Placebo Control: what would tufte do?

Showing posts with label what would tufte do?. Show all posts

Tuesday, October 2, 2012

Decluttering the Dashboard

It’s Gresham’s Law for clinical trial metrics: Bad data drives out good. Here are 4 steps you can take to fix it.

Many years ago, when I was working in the world of technology startups, one “serial entrepreneur” told me about a technique he had used when raising investor capital for his new database firm: since his company marketed itself as having cutting-edge computing algorithms, he went out and purchased a bunch of small, flashing LED lights and simply glued them onto the company’s servers. When the venture capital folks came out for due diligence meetings, they were provided a dramatic view into the darkened server room, brilliantly lit up by the servers’ energetic flashing. It was the highlight of the visit, and got everyone’s investment enthusiasm ratcheted up a notch.

The clinical trials dashboard is a candy store: bright, vivid,
attractive ... and devoid of nutritional value.

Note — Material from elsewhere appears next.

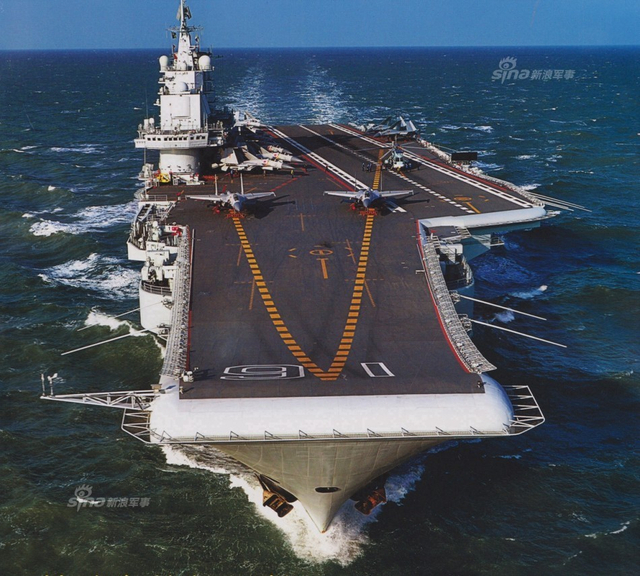 辽宁号航母甲板停放13架歼15战机：挂弹出击！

I was reminded of that story at a recent industry conference, when I naively walked into a seminar on “advanced analytics” only to find I was being treated to an extended product demo. In this case, a representative from one of the large CROs was showing off the dashboard for their clinical trials study management system.

And an impressive system it was, chock full of bubble charts and histograms and sliders. For a moment, I felt like a kid in a candy store. So much great stuff ... how to choose?

Then the presenter told a story: on a recent trial, a data manager in Italy, reviewing the analytics dashboard, alerted the study team to the fact that there was an enrollment imbalance in Japan, with one site enrolling all of the patients in that country. This was presented as a success story for the system: it linked up disparate teams across the globe to improve study quality.

But to me, this was a small horror story: the dashboard had gotten so cluttered that key performance issues were being completely missed by the core operations team. The fact that a distant data manager had caught the issue was a lucky break, certainly, but one that should have set off alarm bells about how important signals were being overwhelmed by the noise of charts and dials and “advanced visualizations”.

Swamped with high-precision trivia

I do not need to single out any one system or vendor here: this is a pervasive problem. In our rush to provide “robust analytic solutions”, our industry has massively overengineered its reporting interfaces. Every dashboard I've had a chance to review – and I've seen a lot of them – contain numerous instances of vividly-colored charts crowding out one another, with minimal sense of differentiating the significant from the tangential.

It’s Gresham’s Law for clinical trial metrics: Bad data drives out good. Bad data – samples sliced so thin they’ve lost significance, histograms of marginal utility made “interesting” (and nearly unreadable) by 3-D rendering, performance grades that have never been properly validated. Bad data is plentiful and much, much easier to obtain than good data.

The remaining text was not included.